[Short web captions]
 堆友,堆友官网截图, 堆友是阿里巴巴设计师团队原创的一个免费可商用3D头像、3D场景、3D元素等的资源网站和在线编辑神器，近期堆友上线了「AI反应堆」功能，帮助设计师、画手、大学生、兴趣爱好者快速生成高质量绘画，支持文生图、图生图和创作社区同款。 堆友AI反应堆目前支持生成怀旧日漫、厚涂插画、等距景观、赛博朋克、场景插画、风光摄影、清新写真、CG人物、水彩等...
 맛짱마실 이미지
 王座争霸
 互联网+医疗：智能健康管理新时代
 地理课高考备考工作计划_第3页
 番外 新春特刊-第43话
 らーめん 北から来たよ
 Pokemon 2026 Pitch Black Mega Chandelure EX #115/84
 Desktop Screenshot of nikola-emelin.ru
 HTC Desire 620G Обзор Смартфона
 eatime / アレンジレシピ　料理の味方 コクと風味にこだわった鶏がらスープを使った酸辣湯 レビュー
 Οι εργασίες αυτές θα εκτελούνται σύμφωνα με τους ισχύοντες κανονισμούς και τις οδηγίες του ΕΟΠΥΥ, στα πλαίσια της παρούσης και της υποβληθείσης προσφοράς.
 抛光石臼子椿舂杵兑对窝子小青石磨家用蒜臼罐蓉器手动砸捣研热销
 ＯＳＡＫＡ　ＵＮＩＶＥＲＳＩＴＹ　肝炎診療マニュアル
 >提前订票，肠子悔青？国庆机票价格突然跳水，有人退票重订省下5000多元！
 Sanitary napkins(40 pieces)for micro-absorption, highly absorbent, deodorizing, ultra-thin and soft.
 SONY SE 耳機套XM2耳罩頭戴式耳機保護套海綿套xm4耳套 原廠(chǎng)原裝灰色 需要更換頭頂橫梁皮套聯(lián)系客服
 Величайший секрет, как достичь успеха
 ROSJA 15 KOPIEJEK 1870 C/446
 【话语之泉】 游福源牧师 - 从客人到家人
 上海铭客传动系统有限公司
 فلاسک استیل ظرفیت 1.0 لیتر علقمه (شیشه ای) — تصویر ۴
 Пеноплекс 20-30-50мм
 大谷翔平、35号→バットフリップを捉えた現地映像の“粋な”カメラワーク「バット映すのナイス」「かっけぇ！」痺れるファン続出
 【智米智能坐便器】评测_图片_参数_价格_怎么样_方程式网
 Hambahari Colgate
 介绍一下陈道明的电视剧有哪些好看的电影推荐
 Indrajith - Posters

__What the task asks__: Repeat only the lines starting at the one that contains "ＯＳＡＫＡ　ＵＮＩＶＥＲＳＩＴＹ　肝炎診療マニュアル" and ending at the last line above, exactly as written.

__Exercise answer__:
 ＯＳＡＫＡ　ＵＮＩＶＥＲＳＩＴＹ　肝炎診療マニュアル
 >提前订票，肠子悔青？国庆机票价格突然跳水，有人退票重订省下5000多元！
 Sanitary napkins(40 pieces)for micro-absorption, highly absorbent, deodorizing, ultra-thin and soft.
 SONY SE 耳機套XM2耳罩頭戴式耳機保護套海綿套xm4耳套 原廠(chǎng)原裝灰色 需要更換頭頂橫梁皮套聯(lián)系客服
 Величайший секрет, как достичь успеха
 ROSJA 15 KOPIEJEK 1870 C/446
 【话语之泉】 游福源牧师 - 从客人到家人
 上海铭客传动系统有限公司
 فلاسک استیل ظرفیت 1.0 لیتر علقمه (شیشه ای) — تصویر ۴
 Пеноплекс 20-30-50мм
 大谷翔平、35号→バットフリップを捉えた現地映像の“粋な”カメラワーク「バット映すのナイス」「かっけぇ！」痺れるファン続出
 【智米智能坐便器】评测_图片_参数_价格_怎么样_方程式网
 Hambahari Colgate
 介绍一下陈道明的电视剧有哪些好看的电影推荐
 Indrajith - Posters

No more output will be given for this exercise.